[Crawled caption data]
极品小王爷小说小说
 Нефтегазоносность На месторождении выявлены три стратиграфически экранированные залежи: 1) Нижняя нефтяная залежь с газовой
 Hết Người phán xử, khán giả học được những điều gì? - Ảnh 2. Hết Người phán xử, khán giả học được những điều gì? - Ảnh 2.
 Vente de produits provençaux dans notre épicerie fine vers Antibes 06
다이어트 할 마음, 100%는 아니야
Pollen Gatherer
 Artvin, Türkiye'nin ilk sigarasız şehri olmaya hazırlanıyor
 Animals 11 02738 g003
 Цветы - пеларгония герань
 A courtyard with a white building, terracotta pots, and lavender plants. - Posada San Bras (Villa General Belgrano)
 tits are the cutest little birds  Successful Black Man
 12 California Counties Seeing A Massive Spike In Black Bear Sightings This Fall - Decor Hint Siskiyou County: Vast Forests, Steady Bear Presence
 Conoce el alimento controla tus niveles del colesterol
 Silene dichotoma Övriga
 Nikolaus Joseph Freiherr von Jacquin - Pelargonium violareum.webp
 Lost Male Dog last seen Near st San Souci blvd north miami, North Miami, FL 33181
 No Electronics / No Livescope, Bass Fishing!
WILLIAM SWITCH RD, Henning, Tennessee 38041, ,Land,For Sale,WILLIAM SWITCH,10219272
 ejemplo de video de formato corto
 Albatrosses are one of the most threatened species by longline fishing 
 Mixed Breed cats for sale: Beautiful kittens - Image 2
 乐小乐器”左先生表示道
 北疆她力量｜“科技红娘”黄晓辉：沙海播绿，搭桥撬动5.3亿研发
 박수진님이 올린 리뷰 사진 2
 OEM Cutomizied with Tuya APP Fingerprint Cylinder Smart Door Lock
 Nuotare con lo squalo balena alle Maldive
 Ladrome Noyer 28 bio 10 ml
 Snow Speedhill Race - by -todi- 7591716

▶ Task prompt
Every record must be transcribed precisely, down to the last character.

▶ Response to this task
极品小王爷小说小说
 Нефтегазоносность На месторождении выявлены три стратиграфически экранированные залежи: 1) Нижняя нефтяная залежь с газовой
 Hết Người phán xử, khán giả học được những điều gì? - Ảnh 2. Hết Người phán xử, khán giả học được những điều gì? - Ảnh 2.
 Vente de produits provençaux dans notre épicerie fine vers Antibes 06
다이어트 할 마음, 100%는 아니야
Pollen Gatherer
 Artvin, Türkiye'nin ilk sigarasız şehri olmaya hazırlanıyor
 Animals 11 02738 g003
 Цветы - пеларгония герань
 A courtyard with a white building, terracotta pots, and lavender plants. - Posada San Bras (Villa General Belgrano)
 tits are the cutest little birds  Successful Black Man
 12 California Counties Seeing A Massive Spike In Black Bear Sightings This Fall - Decor Hint Siskiyou County: Vast Forests, Steady Bear Presence
 Conoce el alimento controla tus niveles del colesterol
 Silene dichotoma Övriga
 Nikolaus Joseph Freiherr von Jacquin - Pelargonium violareum.webp
 Lost Male Dog last seen Near st San Souci blvd north miami, North Miami, FL 33181
 No Electronics / No Livescope, Bass Fishing!
WILLIAM SWITCH RD, Henning, Tennessee 38041, ,Land,For Sale,WILLIAM SWITCH,10219272
 ejemplo de video de formato corto
 Albatrosses are one of the most threatened species by longline fishing 
 Mixed Breed cats for sale: Beautiful kittens - Image 2
 乐小乐器”左先生表示道
 北疆她力量｜“科技红娘”黄晓辉：沙海播绿，搭桥撬动5.3亿研发
 박수진님이 올린 리뷰 사진 2
 OEM Cutomizied with Tuya APP Fingerprint Cylinder Smart Door Lock
 Nuotare con lo squalo balena alle Maldive
 Ladrome Noyer 28 bio 10 ml
 Snow Speedhill Race - by -todi- 7591716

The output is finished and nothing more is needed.